Foto: Christian Fischer

Jedes Mal, wenn ich etwas melancholisch werde, weil sie im Fernsehen oder im Radio gerade wieder die Reizwörter Clubkultur, Live-Events und meinetwegen auch Après-Ski angesprochen haben, gehe ich zum Wohnzimmerfenster. In der Karaokebar gegenüber leuchtet und blinkt die Discokugel, seit ich hier wohne. Das sind mittlerweile ein paar Jahre. Nicht einmal während des Lockdowns hat sie ihre Tätigkeit eingestellt.

Die Discokugel in der Karaokebar leuchtet bei Tag und bei Nacht. Sie strahlt bei Wind und Wetter, lauem Lüfterl und steifer Brise. Thank God it’s Friday, 24 Stunden täglich, sieben Tage die Woche. Das Leben ist zu kurz, um die Zeit mit Schlaf zu vergeuden. Außerdem ist es nachts immer fad, weil es dunkel ist und man nichts sieht.

Dabei muss in der Karaokebar nicht einmal Musik laufen oder das Lokal geöffnet haben. Selbst wenn die Hütte offen hat, sitzt niemand drin. Ich habe beim Vorbeigehen noch nie einen Mucks "I did it my way" oder "Girls just wanna have fun" kommen gehört. Ich vermute einmal, den Besitzern geht es auch nicht vordergründig darum, mit der Karaokebar Umsatz zu machen.
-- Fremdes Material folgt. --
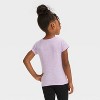 Toddler Girls' Disney The Nightmare Before Christmas Short Sleeve Graphic T-Shirt - Lavender - 3 of 4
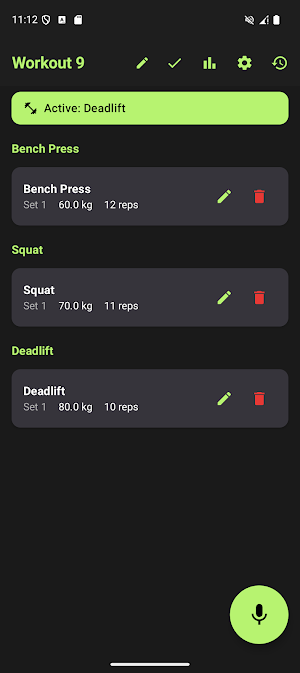SuperRepTrack: Voice Workout Screenshot 1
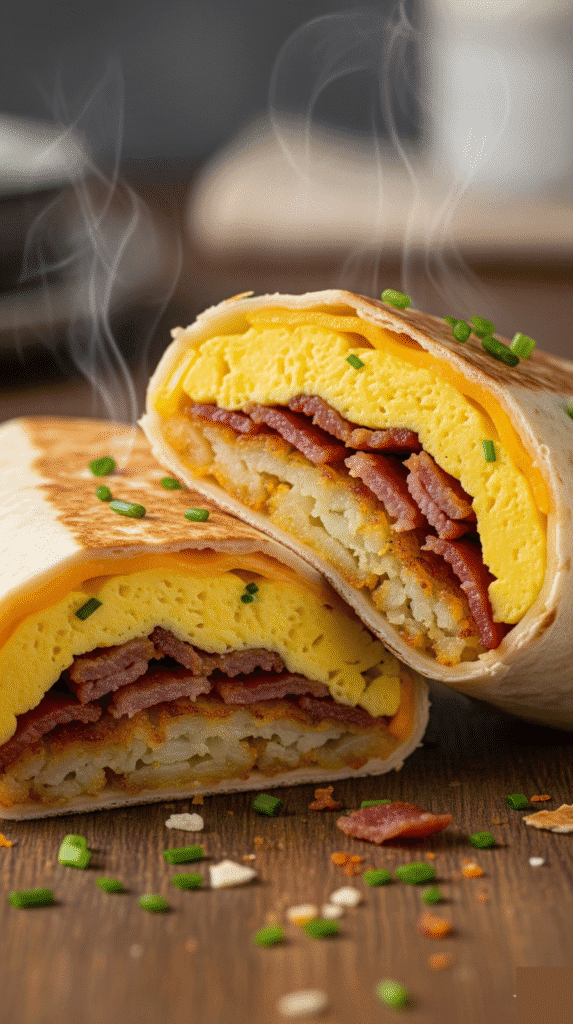 Easy Breakfast Burrito Recipe You’ll Want Every Morning pint 1 (10)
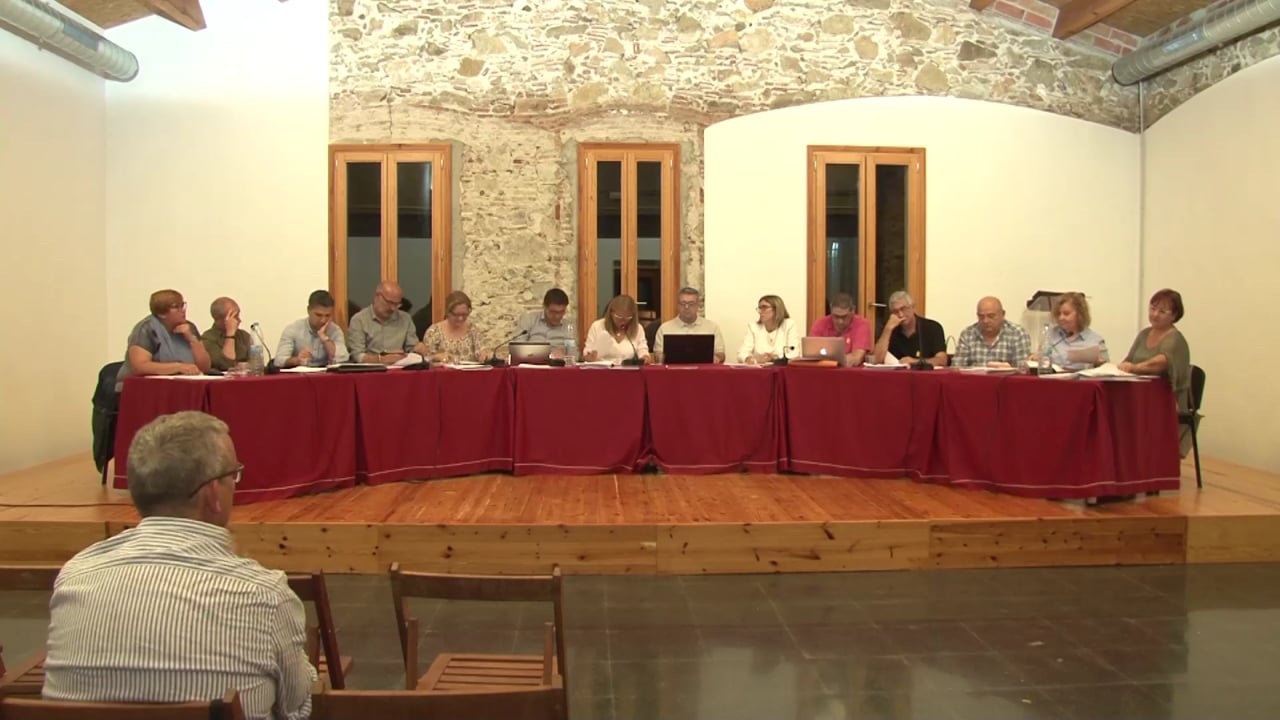 Ple municipal 31 de maig de 2018 - Punt 09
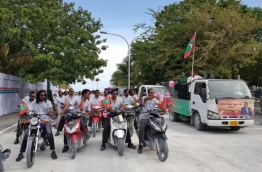 The PPM rally held in H.Dh. Kulhudhuffushi PHOTO/TWITTER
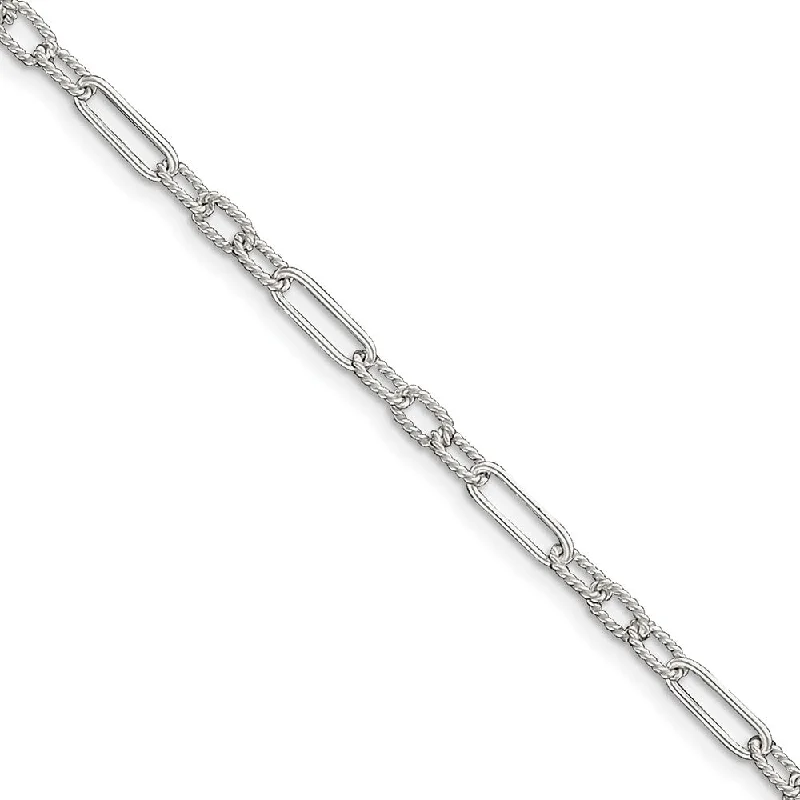 Shop Dazzling Rings, Earrings, And More At Special Discounts Sterling Silver 4mm, Open Fancy Link Anklet, 10 Inch Shop Dazzling Rings, Earrings, And More At Special Discounts Sterling Silver 4mm, Open Fancy Link Anklet, 10 Inch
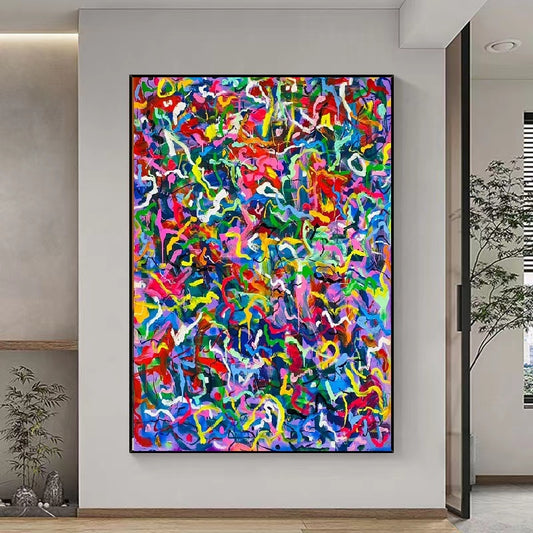 Handcrafted Abstract Painting Fine Wall Art For Homedecor AB1063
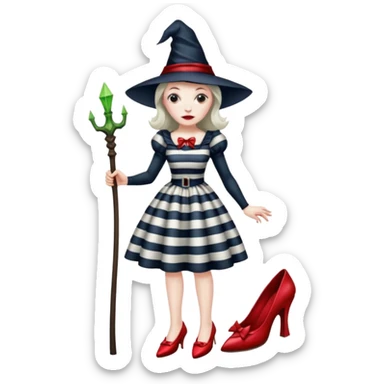 Wicked Witch of the East from the Wizard of Oz sticker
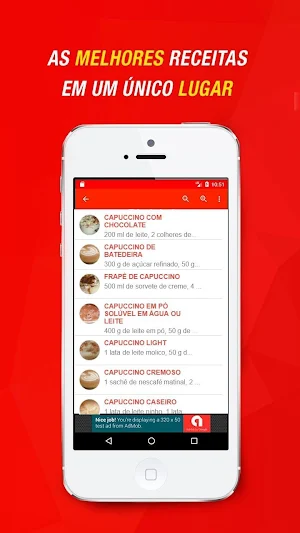 Receitas de Café e Capuccino Screenshot 2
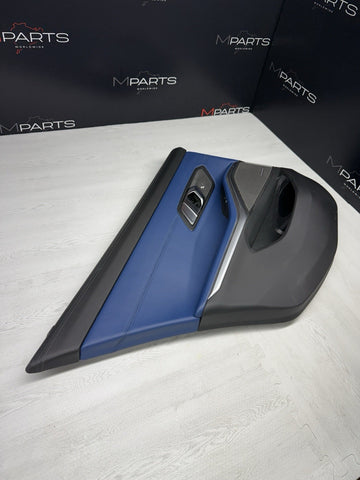BMW 21-26 G80 M3 Sedan Rear Left Driver Side Door Panel Fjords Blue
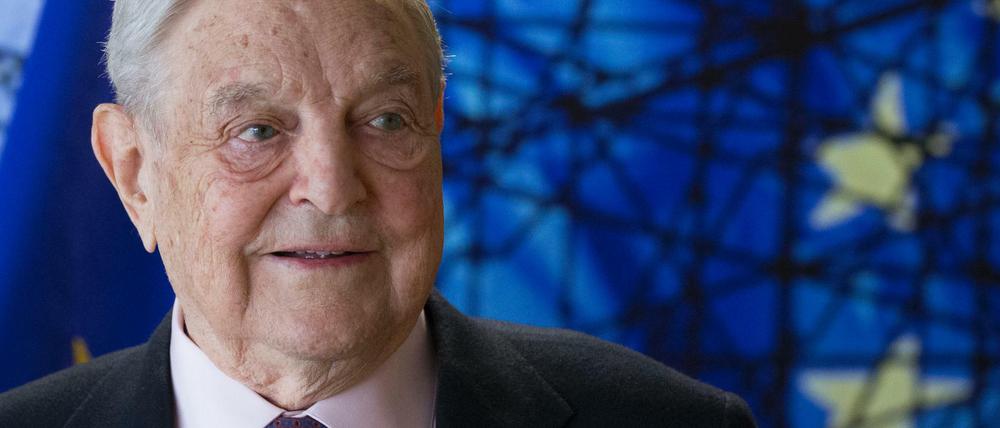 Der US-Milliardär George Soros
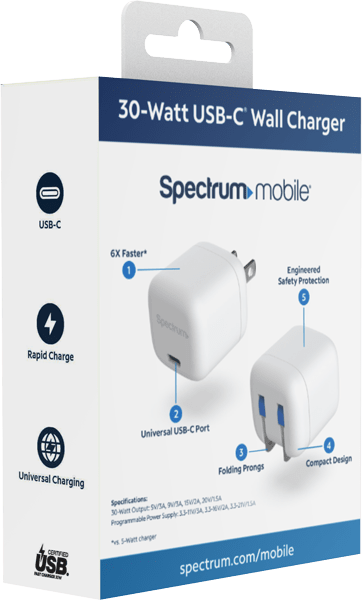 30W USB-C Wall Charger White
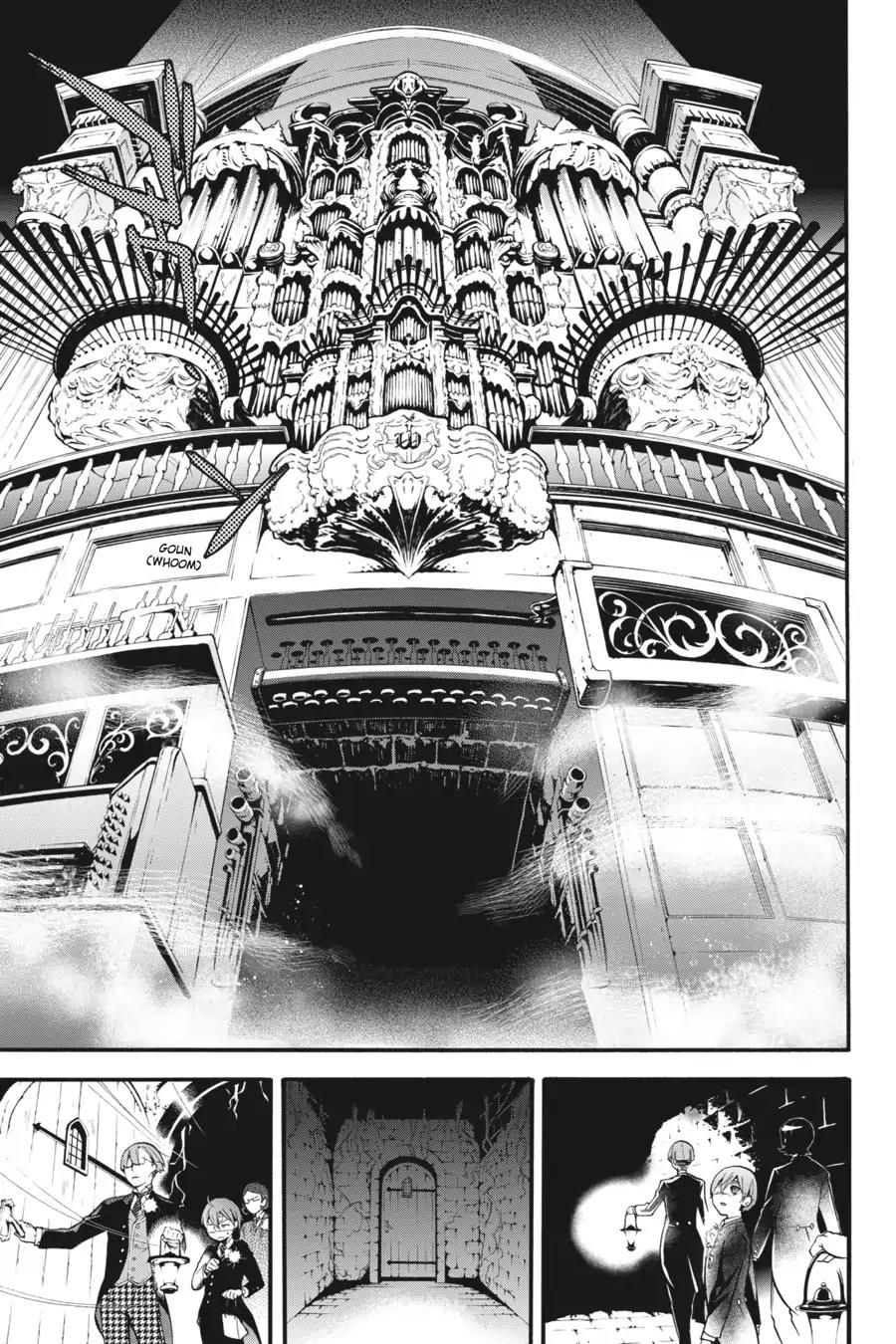 Kuroshitsuji Chapter 81 page 23 - Chapter 81: At night: The Butler, Under Lock and Key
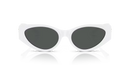 Versace Sunglasses Cat-Eye White Frame Grey Lens VE4454 314/87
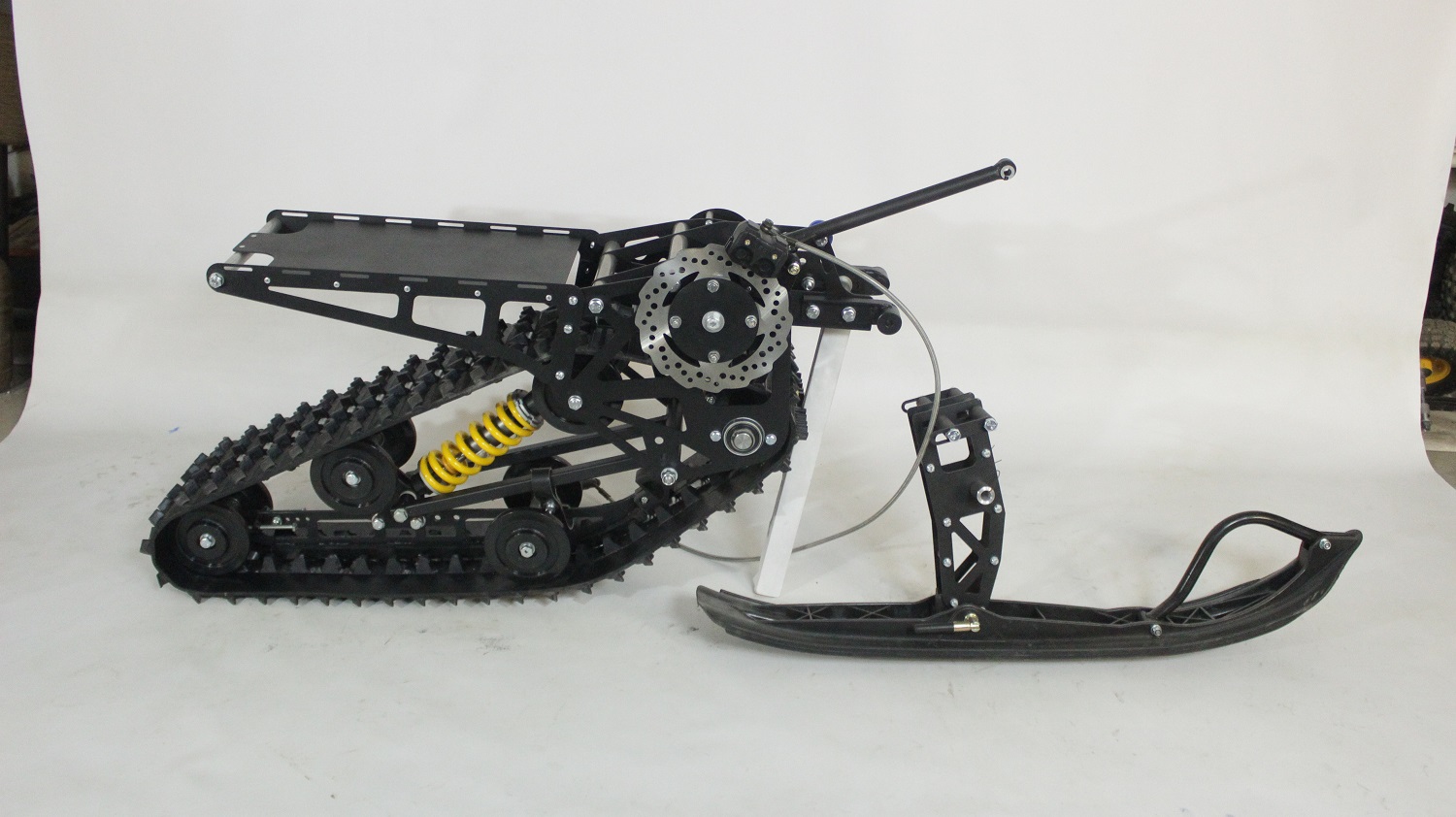 Monotrack tracked KIT for a motorcycle.  
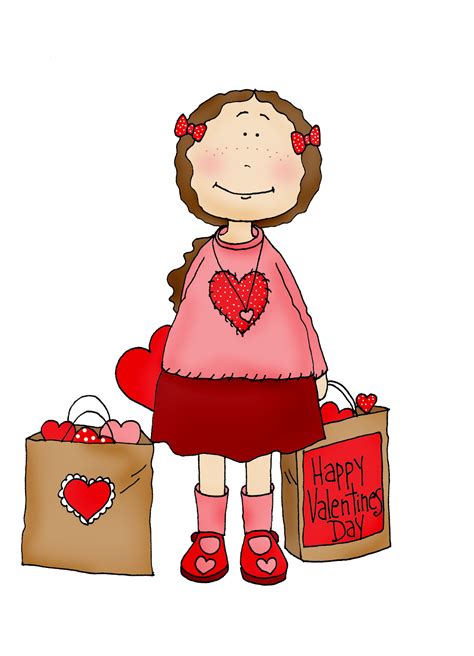 Free Dearie Dolls Digi Stamps Valentine Shopping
Man weiß es aber natürlich nicht.

Die Lücke, die der Teufel lässt

In gewissem Sinne handelt es sich bei der Discokugel in der Karaokebar um eine soziale Installation im halböffentlichen Raum; bloß dass das Soziale bewusst ausgespart wird, damit man merkt, dass der Teufel immer eine Lücke lässt. An diesen Lücken leiden wir.

Die Discokugel in der Karaokebar blinkt für uns alle. Sie ist der Fels in der Brandung von vorgezogenen Sperrstunden, Maskenpflicht, Barverbot und Social Distancing. Sie leuchtet als eine Erinnerung daran, wer wir einmal waren und wo wir dringend wieder hinwollen. Man könnte nun die Zeit natürlich dazu nutzen, vernünftig zu werden, den gesunden Schlaf vor Mitternacht zu praktizieren und immer bei derselben Folge der in graubraunen Tönen gehaltenen polnischen Depressivdetektivserie einzunicken.

Allerdings ist es manchmal einfach auch schön, die Stereoanlage fesch aufzudrehen und mit einem Glaserl voller Tonic Water sowie Dings am Fenster nach gegenüber zu schauen. Pump up the jam!